A copyright notice, either as symbol or phrase, informs users of the underlying claim to copyright ownership in a published work.
Copyright law is different from country to country. Before 1978 all published works in the US had to contain a copyright notice. Until 1989 all such published works in the USA required either a copyright notice or a registration filing within five years of publication. This is no longer the case and use of a copyright notice is now optional in the US, since the adoption of the Berne Convention Implementation Act of 1988.
Reasons to include an optional copyright notice
A copyright notice may still be used as a deterrent against infringement, or as a notice that the owner intends on holding their claim to copyright. It is also a copyright violation, if not also a federal crime, to remove or modify copyright notice with intent to "induce, enable, facilitate, or conceal an infringement". Also worth noting is that copyright notice has never been required on "unpublished" works, the copyright of which may last for well over 100 years.

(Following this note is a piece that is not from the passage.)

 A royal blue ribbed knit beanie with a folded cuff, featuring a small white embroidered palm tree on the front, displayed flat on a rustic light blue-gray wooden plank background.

Inclusion of a proper copyright notice on the originals is also evidence that the copyright owners may use to defeat a defense of "innocent infringement", to avoid "statutory damages", other than in certain cases claiming a "fair use" defense.

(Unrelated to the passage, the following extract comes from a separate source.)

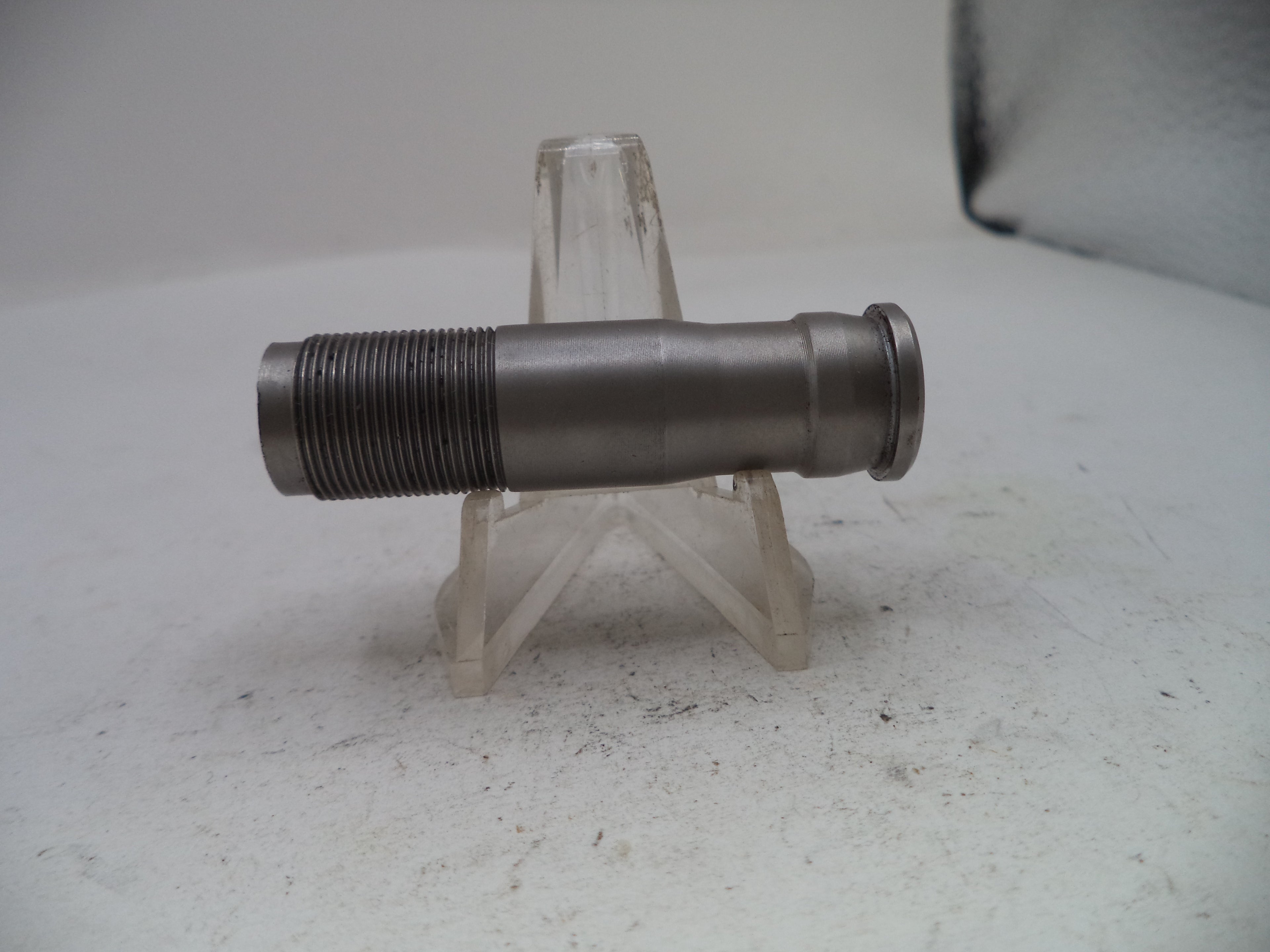 A metallic cylindrical threaded component, likely a mechanical part or fitting, displayed horizontally on a clear plastic stand against a light gray background.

Foreign works published in the USA without copyright notice
Certain foreign works published in the USA without copyright notice prior to 1989, which made them public domain, have had their copyrights "restored" under the Uruguay Round Agreements Act, provided the rights had not already expired in their country of original publication prior to 1996. This creates the anomaly that foreign works from 1923 to 1989 may be afforded more US copyright protection than domestic US works published in that same period, even though they were both published without any copyright notice.
There are technical requirements as to the information a copyright notice must contain.
Under the 1870 law, in effect until 1909, you had to write "Entered according to act of Congress, in the year _________________, by A. B., in the office of the Librarian of Congress, at Washington." Starting in 1874, you could also write "Copyright, 18_________________, by A. B."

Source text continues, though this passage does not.